Before looking closely at Mark, there's this: I'm wrestling this year with a terrific little book by Kavin Rowe called Christianity's Surprise: A Sure and Certain Hope – which I'd commend to you. However, it raises enthusiastic hope while it deflates me a bit. Rowe points out the alarming, shocking, startling news that original Christianity was – but how to recover this mood? "If Christianity is anything at all like what the early sources claim it is, then woe to us if we forget its power, making it boring, and lose its surprise. Human life is just too hard to have a boring Christianity." Indeed, we've (clergy included!) reduced Christian faith to sentiment, personal preference, a voluntary society, a personal boost, a ticket to heaven, whatever. It's worth reclaiming, maybe at Easter, that before Christianity, no one thought of all people as of equal value, no one took care of the destitute, no metanarrative about everything, much less one supremely focused on just one person, with power over life and death and the hope of people and all of creation. Rowe engages with Charles Taylor and his thick, wise, important, and yet dense and almost inaccessible book, A Secular Age, which expounds over 900 pages his primal thesis that secularism is marked by the need, desire, and necessity to find meaning within me, in my own life – versus finding meaning outside me, beyond human interactions and achievement. That pretty much nails it – and I bet anybody showing up at Easter is craving something, anything beyond the secular, beyond what we can muster for ourselves.

Rowe notes the shock of Easter: "The power of the resurrection to provide hope has nothing whatsoever to do with being positive in the face of death, or fooling ourselves about our fragility and the fragility of what we love…. Our obedience on this side of death is ultimately good only because we will live, as does Jesus, with God on the other side of our deaths… God's power at work in the resurrection of Jesus makes more out of crucifixion than was there to begin with. It is re-creation; it brings surplus-life." He's right: to recover any sense of the surprise, the mind-boggling reversal of the known world, our "re-learning will require un-learning." Eternal life as automatic, as natural, holiness as determined effort to be pretty good, any sense that we are okay, that our political ideology just might deliver the goods, that diversion works: we have to walk our people, lovingly, calmly and yet confidently, into a shedding of cultural spiritualities and ideologies that can't finally deliver into the stunning (even to us!) realities of resurrection.
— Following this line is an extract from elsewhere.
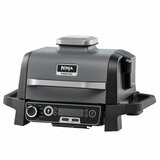 Ninja Woodfire Electric BBQ Grill and Smoker OG751ANZ Ninja Woodfire Electric BBQ Grill and Smoker OG751ANZ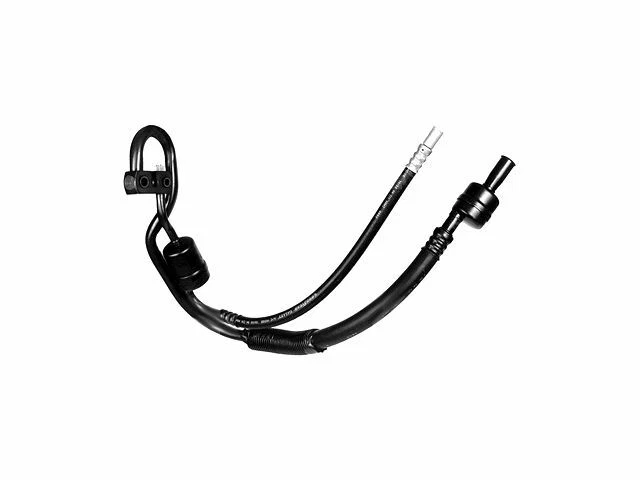 Conjunto de manguera de succión/descarga de refrigerante de aire acondicionado para Ford Windstar 22771VC Foto 1 de 2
{On this business of "surprise," I'd commend to you Jason Byassee's Surprised by Jesus Again, in which he interprets the Bible "as a mystery of seeking to be surprised by Jesus again. Historical criticism tries to read without surprise. All the evidence is in. Robert Jenson said the difference between a dead god and a living God is a dead god can't surprise you."}

The lectionary gives you the option of John vs. Mark. As we're in the year of Mark, let's go with chapter 16, peculiar as it might be. How weird: if we allow that verses 9-20 are a later addition (and we should hope so, or we need to practice handling snakes), then Mark's book ends with a preposition, gar, for. No way to end a sentence, much less a book! Dangling. Everything feels incomplete, left hanging. Yeah. That's Christianity, not done, tied up in a ribbon, but incomplete, ongoing. The rest of the story is... today, tomorrow, my life, our church's mission. I'll play on this, noting how desperately people want to "get back" - to church, to normal. It's moving forward into, well, we don't know what just yet.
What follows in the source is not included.